Task prompt. Only the text of the records, copied exactly, is wanted; no pictures.

Data for this exercise.
◇ ◇ ◇
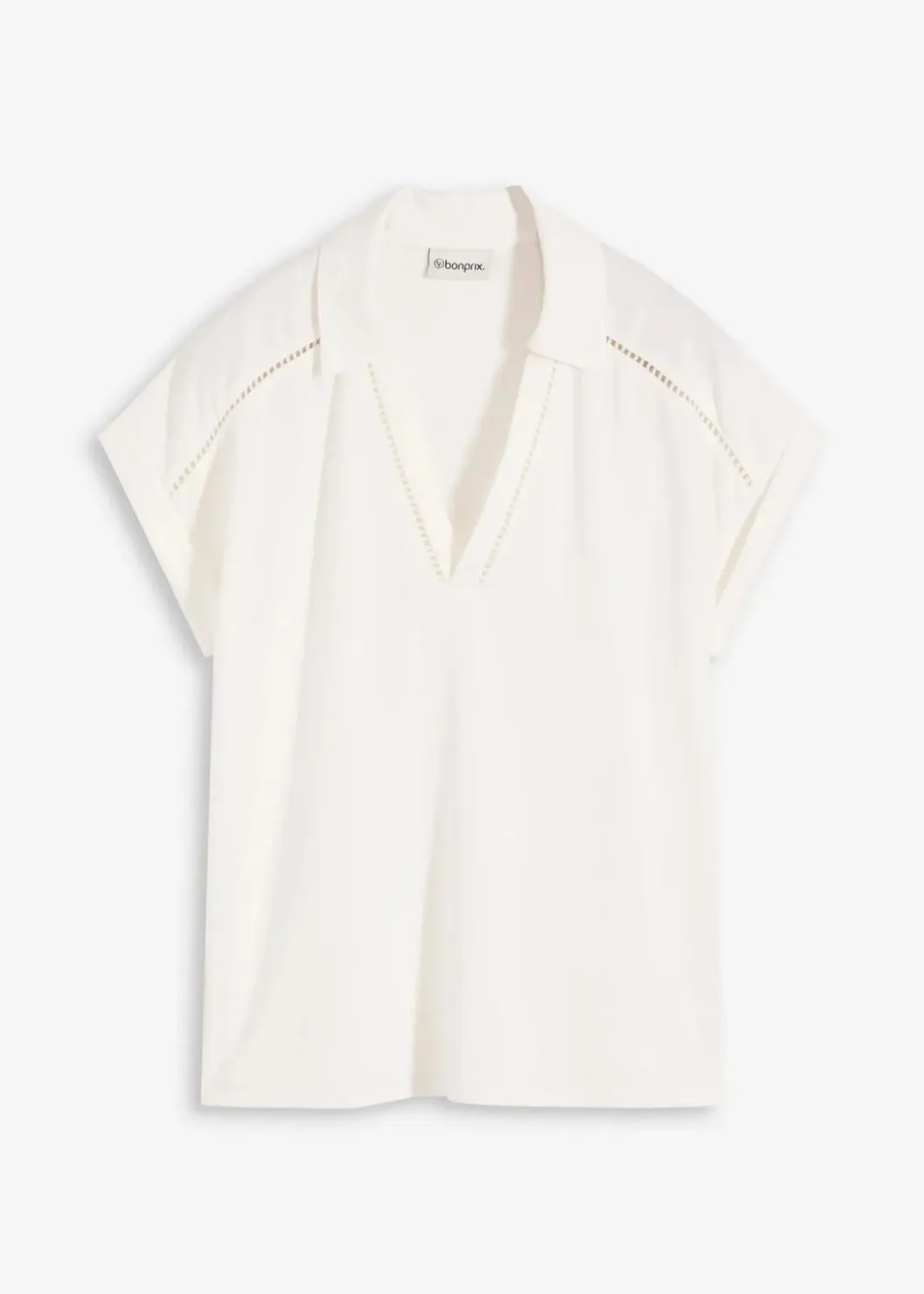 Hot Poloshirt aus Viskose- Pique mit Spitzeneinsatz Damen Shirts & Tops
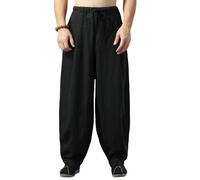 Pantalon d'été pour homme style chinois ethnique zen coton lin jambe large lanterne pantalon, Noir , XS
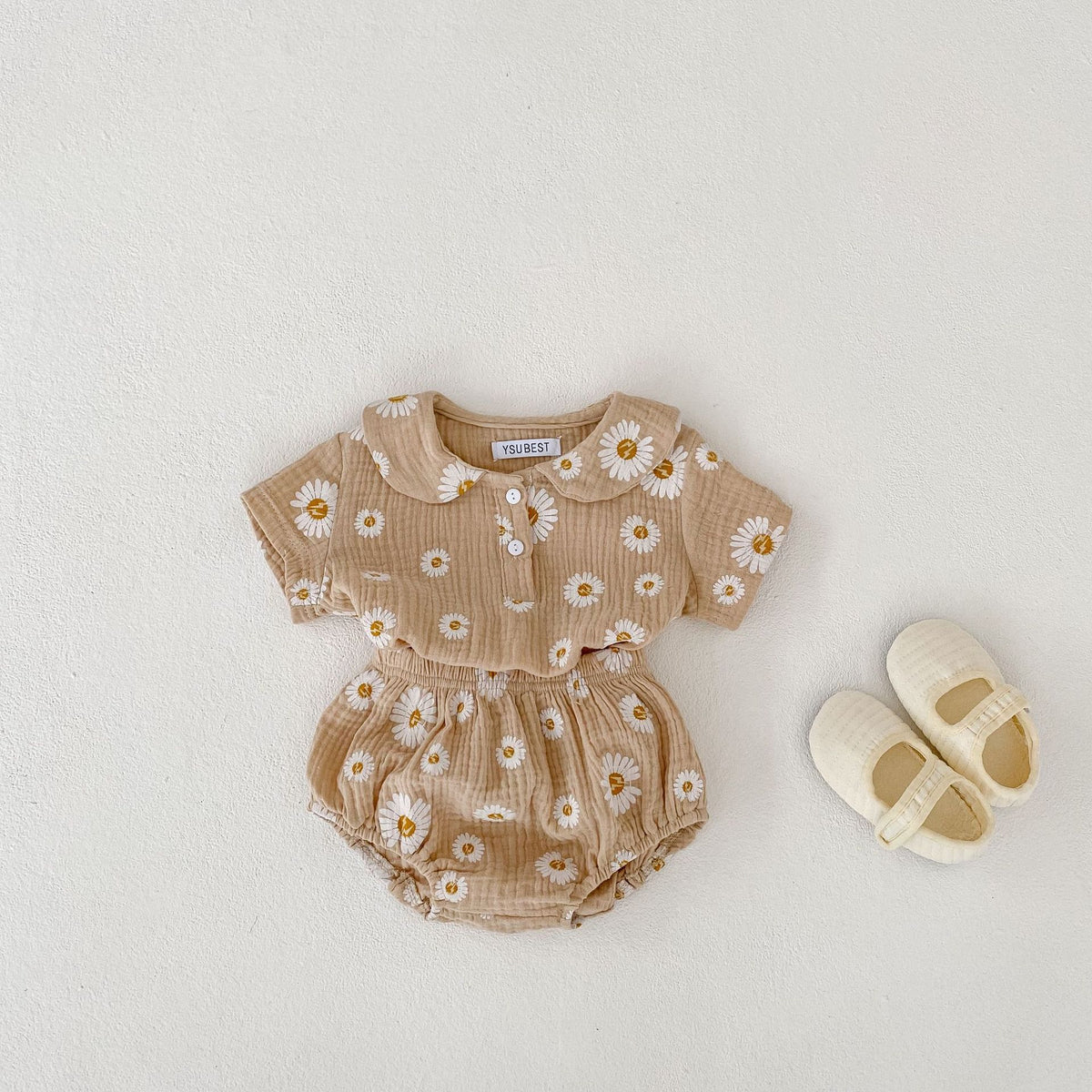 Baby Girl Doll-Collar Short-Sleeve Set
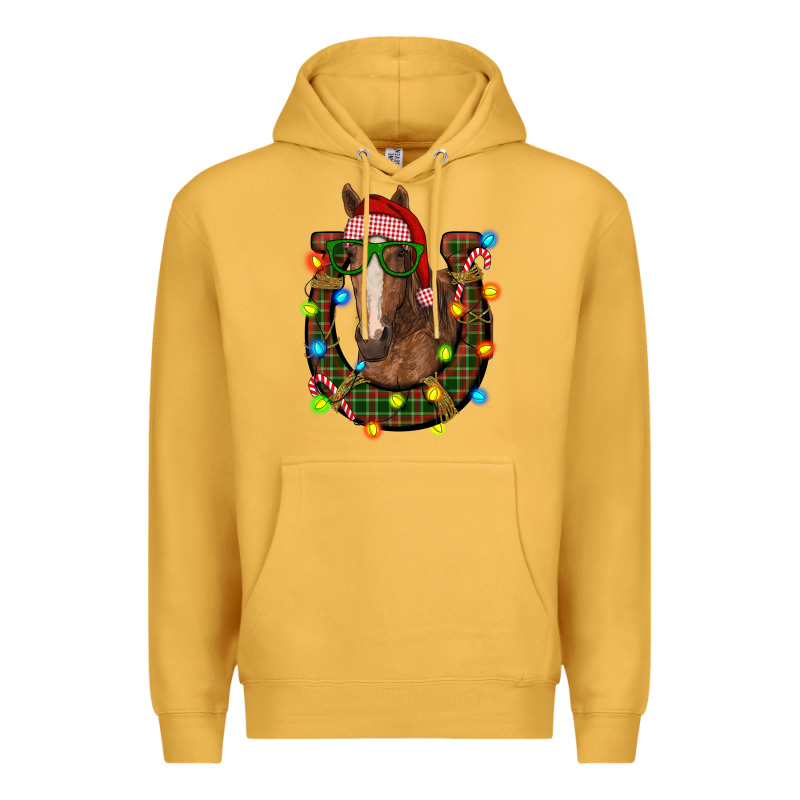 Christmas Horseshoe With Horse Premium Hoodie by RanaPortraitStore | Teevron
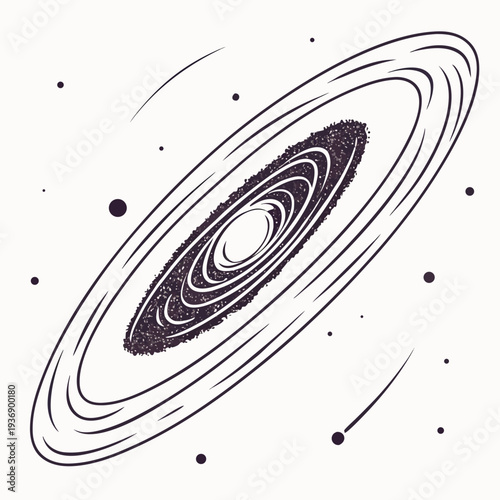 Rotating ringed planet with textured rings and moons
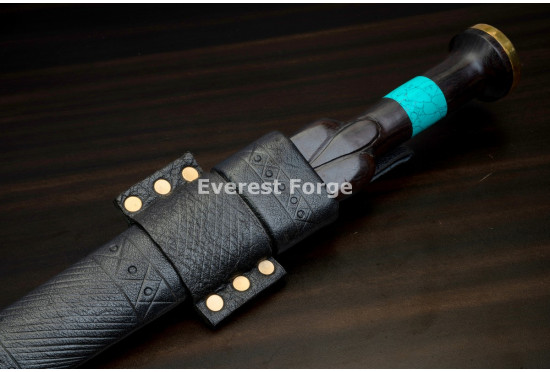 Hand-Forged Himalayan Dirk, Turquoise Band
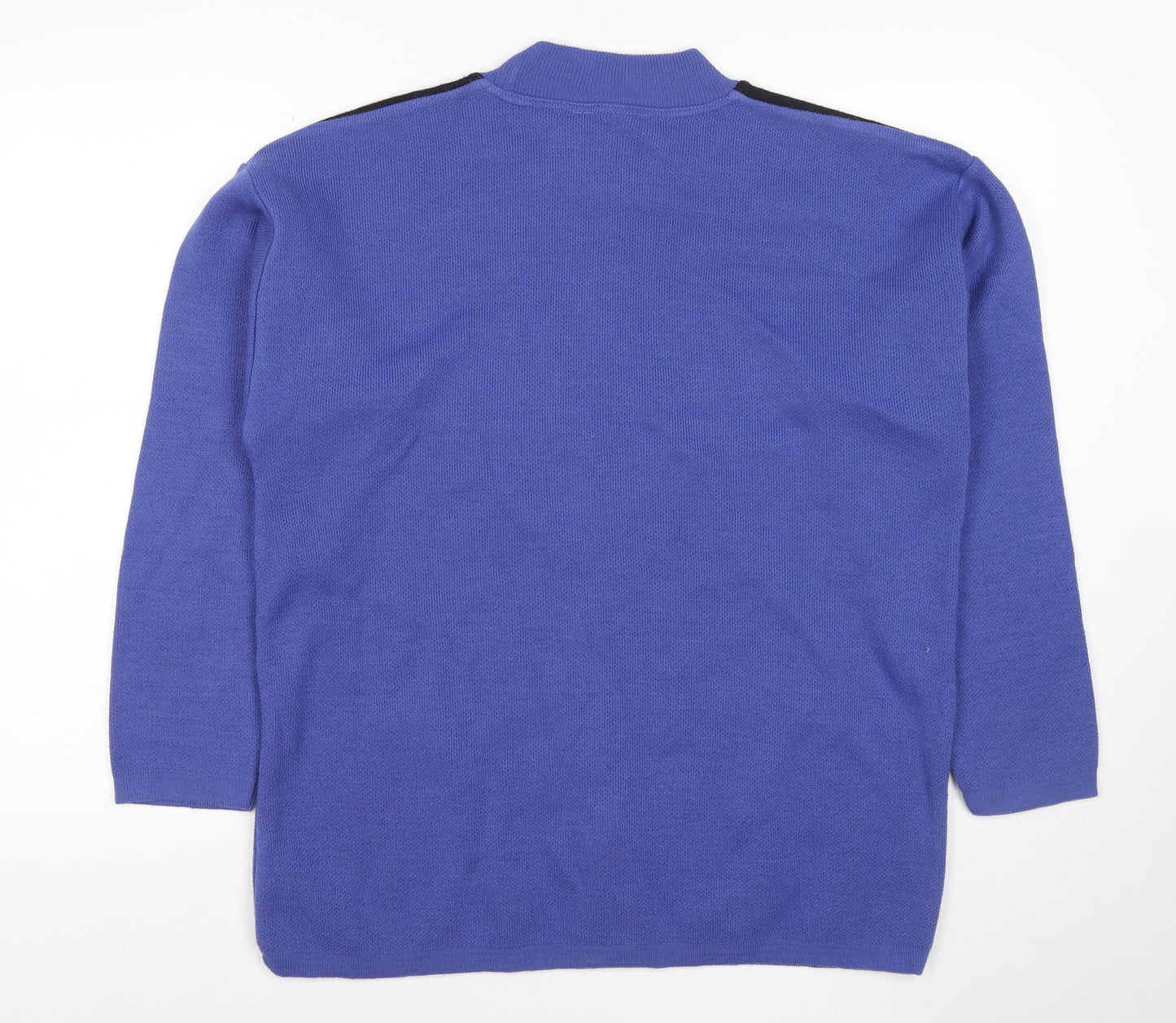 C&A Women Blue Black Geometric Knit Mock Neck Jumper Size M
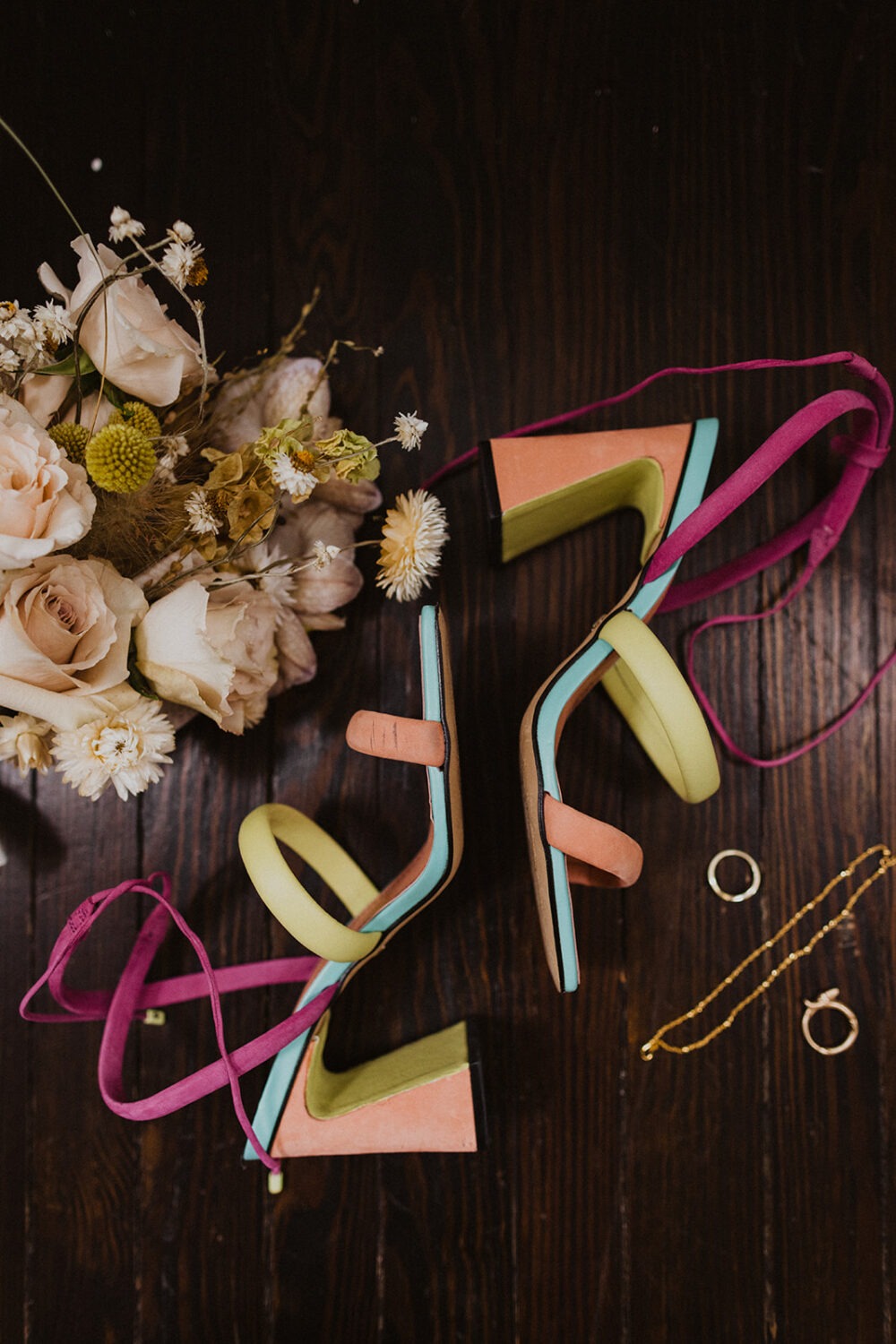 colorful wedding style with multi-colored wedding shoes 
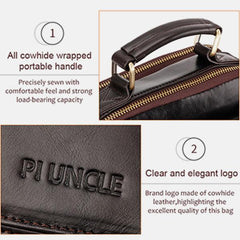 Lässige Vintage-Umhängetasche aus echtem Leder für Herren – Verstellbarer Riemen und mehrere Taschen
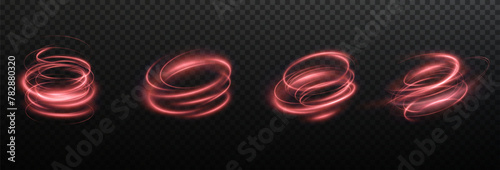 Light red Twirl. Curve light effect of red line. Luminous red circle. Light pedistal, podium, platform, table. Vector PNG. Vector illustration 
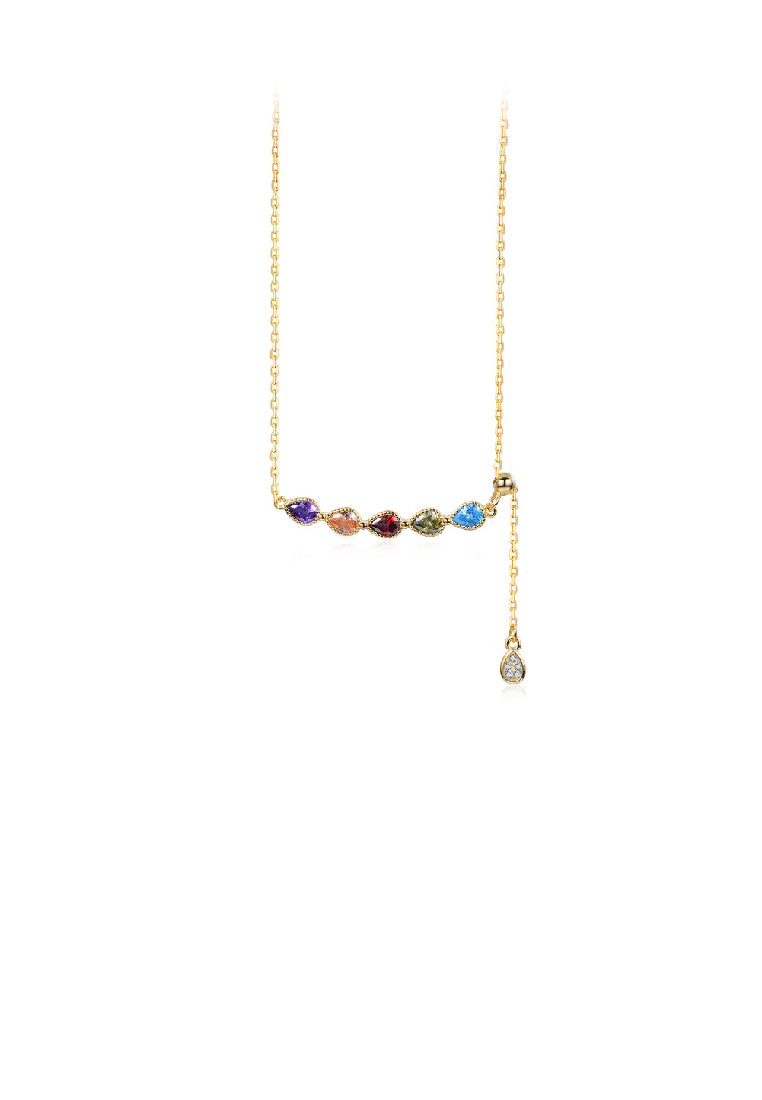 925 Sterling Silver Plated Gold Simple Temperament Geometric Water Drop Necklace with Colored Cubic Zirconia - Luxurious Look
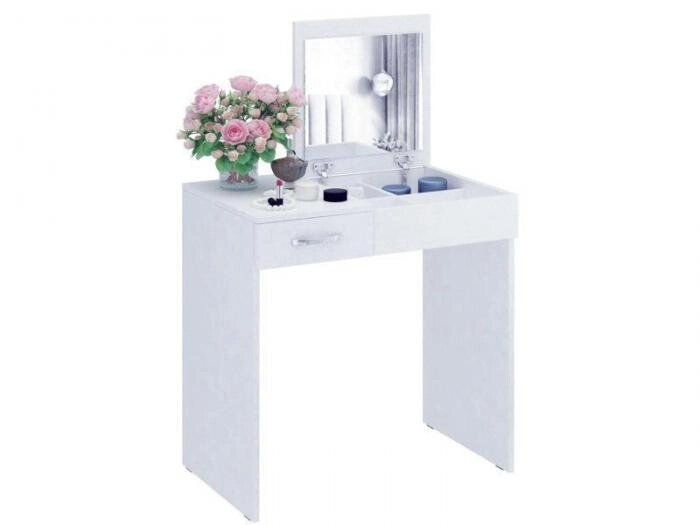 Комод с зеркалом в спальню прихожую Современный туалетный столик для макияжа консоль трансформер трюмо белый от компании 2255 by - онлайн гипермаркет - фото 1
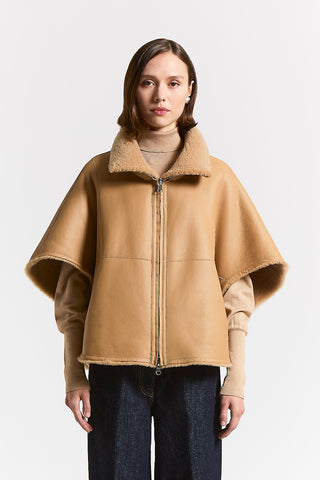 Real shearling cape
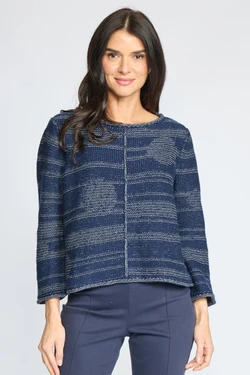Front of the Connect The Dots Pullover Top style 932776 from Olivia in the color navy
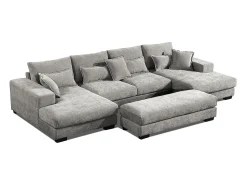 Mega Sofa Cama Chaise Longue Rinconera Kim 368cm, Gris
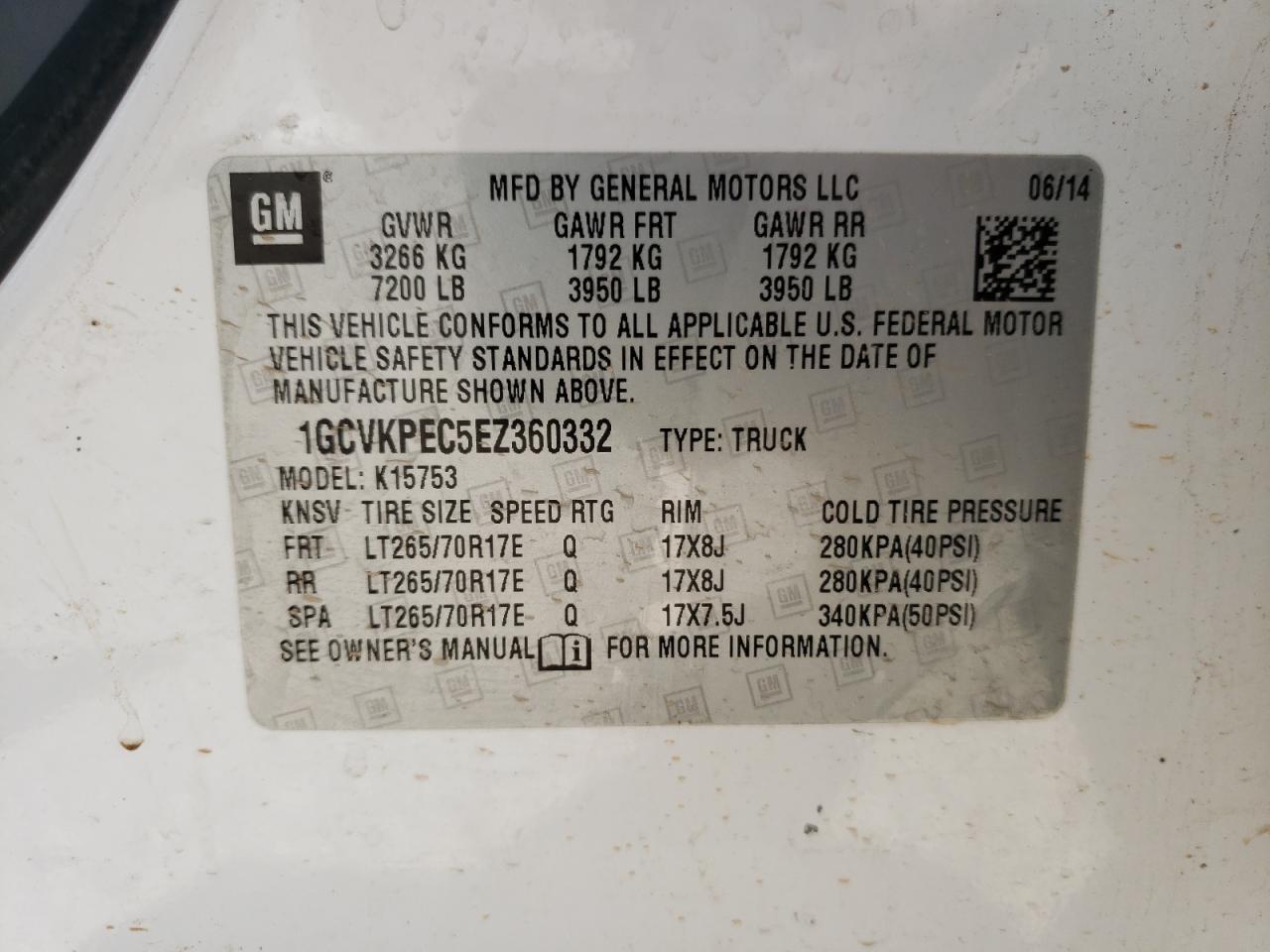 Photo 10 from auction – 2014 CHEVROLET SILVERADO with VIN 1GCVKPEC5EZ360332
◇ ◇ ◇
Expected answer.
 Hot Poloshirt aus Viskose- Pique mit Spitzeneinsatz Damen Shirts & Tops
 Pantalon d'été pour homme style chinois ethnique zen coton lin jambe large lanterne pantalon, Noir , XS
 Baby Girl Doll-Collar Short-Sleeve Set
 Christmas Horseshoe With Horse Premium Hoodie by RanaPortraitStore | Teevron
 Rotating ringed planet with textured rings and moons
 Hand-Forged Himalayan Dirk, Turquoise Band
 C&A Women Blue Black Geometric Knit Mock Neck Jumper Size M
 colorful wedding style with multi-colored wedding shoes 
 Lässige Vintage-Umhängetasche aus echtem Leder für Herren – Verstellbarer Riemen und mehrere Taschen
 Light red Twirl. Curve light effect of red line. Luminous red circle. Light pedistal, podium, platform, table. Vector PNG. Vector illustration 
 925 Sterling Silver Plated Gold Simple Temperament Geometric Water Drop Necklace with Colored Cubic Zirconia - Luxurious Look
 Комод с зеркалом в спальню прихожую Современный туалетный столик для макияжа консоль трансформер трюмо белый от компании 2255 by - онлайн гипермаркет - фото 1
 Real shearling cape
Front of the Connect The Dots Pullover Top style 932776 from Olivia in the color navy
 Mega Sofa Cama Chaise Longue Rinconera Kim 368cm, Gris
 Photo 10 from auction – 2014 CHEVROLET SILVERADO with VIN 1GCVKPEC5EZ360332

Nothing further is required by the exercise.